I knew it was coming, and yet did nothing to prevent the disastrous outcome. I ate, drank and avoided the gym as though my soul would set fire by stepping foot on the stair-stepper. And here I sit, hideously encased in the one female torture device known to bring grown women to tears – if not AA meetings; the bathing suit.
Visual – if a Vienna sausage mated with extra lumpy cottage cheese and dressed their resulting off-spring in spandex – Poof – you’ve got me in my finest beach wear. And yes, I know women everywhere, from the size 2 to the size 20 feel equal torment over this body-image obstacle – but I’m particularly sensitive to this issue today as our beach vacation approaches. Surf, sand and shame – bring it!

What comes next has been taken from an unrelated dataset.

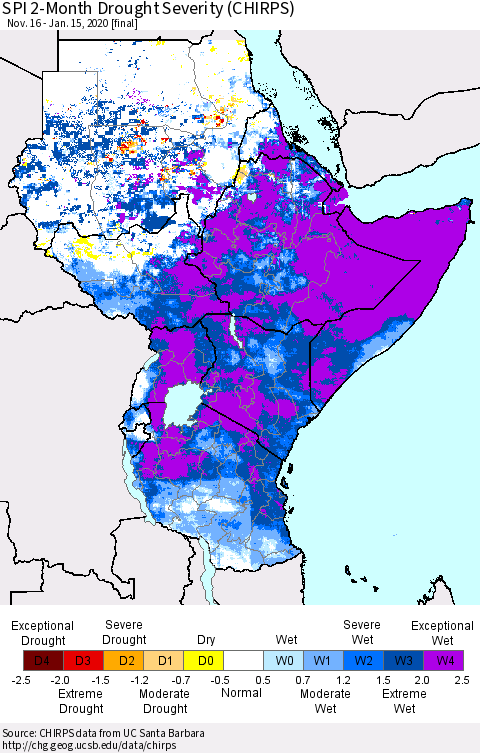 Eastern Africa SPI 2-Month Drought Severity (CHIRPS) Thematic Map For 11/16/2019 - 1/15/2020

This year I noticed a trend ; wise retailers have selected magical verbiage when marketing swimwear, it’s like Harry Potter goes to the beach with his fat Aunt; vanishing waistline, illusions of longer legs, secret bust lifting properties. I’ve got news for the retailers, unless their product also comes with Siegfried and Roy, there is no illusion large enough to mask the size of my derriere.
On the upside, cover-ups are very hip, or so I’m told; unfortunately, several appear to be designed for those more vertically gifted than myself. I guess what I really need is magic beachwear that offers not only instant thinness, but height; kind of a Spanks/Stiletto mix. Do they have those at Target? I’ll let you know what I find.